JPH0622148U - Circuit breaker - Google Patents

Abstract

(57) [Abstract] [Purpose] In a circuit breaker that raises and lowers the blocking rod with a DC brushless motor, enables rotation of the motor when there is a lock failure due to a missing phase of the motor, and immediately knows the lock and open phase rotation. To be able to. Also,
When the motor is locked when the cutoff rod lowering command is issued and the motor cannot be rotated even after a predetermined number of retries, the cutoff rod is quickly lowered by its own weight. [Structure] A lock of the DC brushless motor 1 is detected by an amplification / detection circuit 4 due to an abnormal increase in motor current, and a lock detection signal 4b is sent to a CPU 5. The CPU 5 determines the lock failure by the lock detection signal 4b, turns on / off the relay 7 via the relay driver 6, and shuts off and reconnects the motor control power supply. As a result, the motor drive current is temporarily cut off, the motor is brought into an unrestrained state, the motor slightly rotates due to the weight of the cutoff rod and deviates from the zero torque range, and the rotation is continued after reclosing, and the cutoff rod starts to move.

Description

[Detailed description of the device]

[0001]

[Industrial applications]

 The present invention relates to a crossing barrier such as a railroad crossing barrier and a parking lot barrier, and more particularly to an emergency process when the motor is locked.

[0002]

[Prior art]

 Conventionally, in this type of circuit breaker, a DC brushless motor (sometimes referred to simply as a brushless motor) has been used to drive the blocking rod because of its large starting torque and maintenance-free performance.

[0003]

[Problems to be solved by the device]

 However, since this type of circuit breaker is installed outdoors, it may cause a failure such as an open phase due to a voltage drop. However, in a multi-phase drive brushless motor such as a three-phase full-wave system, even if one phase fails, the rotational force does not lose the rotational angle range. In addition, the angle range to be locked is only a small part of the 60 °, and the motor often rotates apparently normally. This is called open-phase rotation. If the motor is left in the open phase rotation mode, it may eventually become a motor lock depending on the starting position, which will hinder traffic.Therefore, it is necessary to avoid malfunction of the shutoff rod due to motor lock as much as possible. It is necessary to know lock and open-phase rotation promptly. The locking due to this phase loss is due to the fact that there is a range in which almost no rotational force is generated due to only the restraining force due to the excitation of the phase that is not phase lost.
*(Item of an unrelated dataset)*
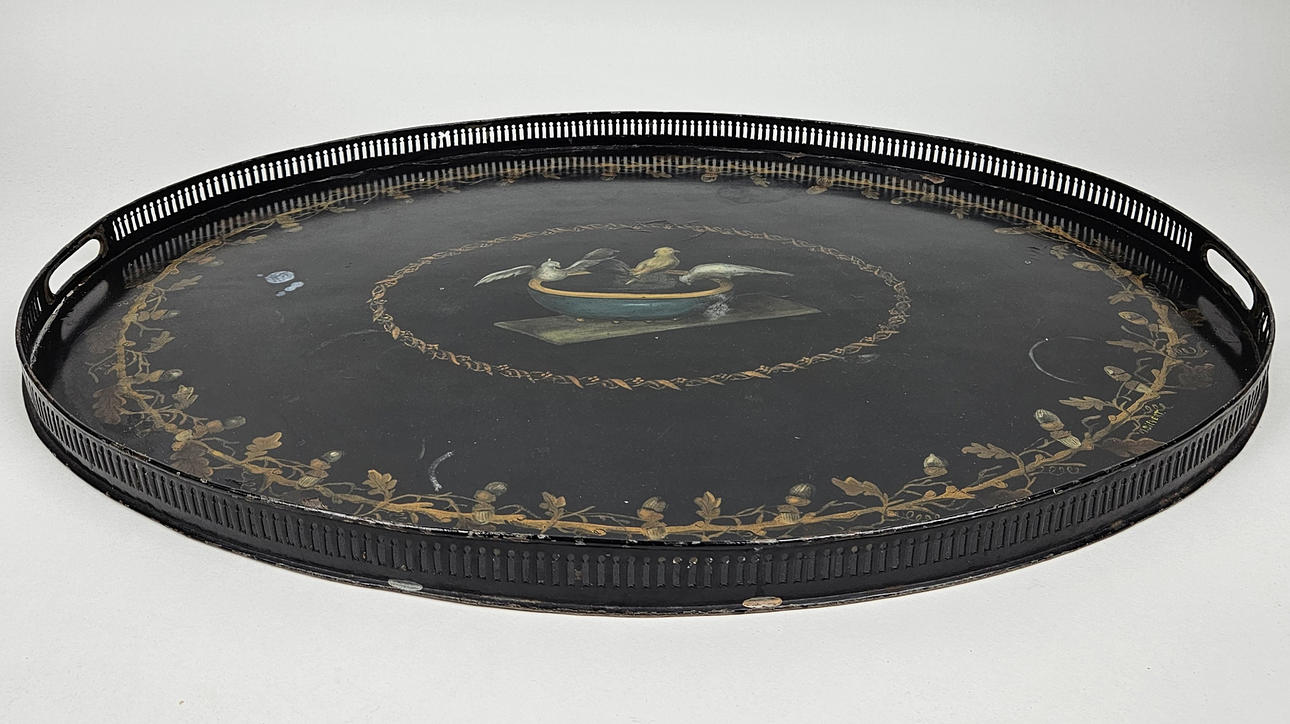 BRICKA, plåt, empire, 1800-talets första hälft.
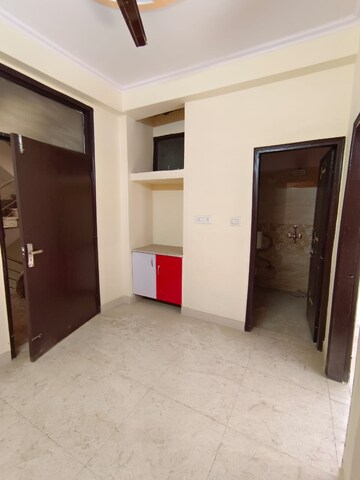 Room in 4 BHK Villa at Panchsheel Greens II, Sector 16 Greater Noida – for Sale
The present invention has been made under such circumstances, and enables rotation of the DC brushless motor when the DC brushless motor has a lock failure due to an open phase or the like, and promptly operates when the rotation of the motor is disabled. An object of the present invention is to provide a circuit breaker in which the blocking rod is lowered by its own weight, and lock and open-phase rotation can be immediately known.

[0005]

[Means for Solving the Problems] As described above, since the angle range in which the DC brushless motor locks due to the open phase is small, if the motor drive current is shut off when locked, the motor rotates due to the weight of the shutoff rod. However, there is a high possibility that the motor will be able to be driven by reentering the motor drive current outside the above angle range. According to the present invention, based on this idea, in order to achieve the above-mentioned object, the circuit breaker is configured as in the following (1) to (4).

(1) A circuit breaker for raising and lowering a blocking rod by a DC brushless motor, the lock detecting means detecting lock of the DC brushless motor, and the DC brushless according to an output signal of the lock detecting means. A circuit breaker equipped with a cut-off / re-input means for cutting off and re-injecting the motor drive current.

(2) The circuit breaker according to (1), wherein the breaking / reclosing means cuts off and re-closes the control power of the DC brushless motor according to the output signal of the lock detecting means.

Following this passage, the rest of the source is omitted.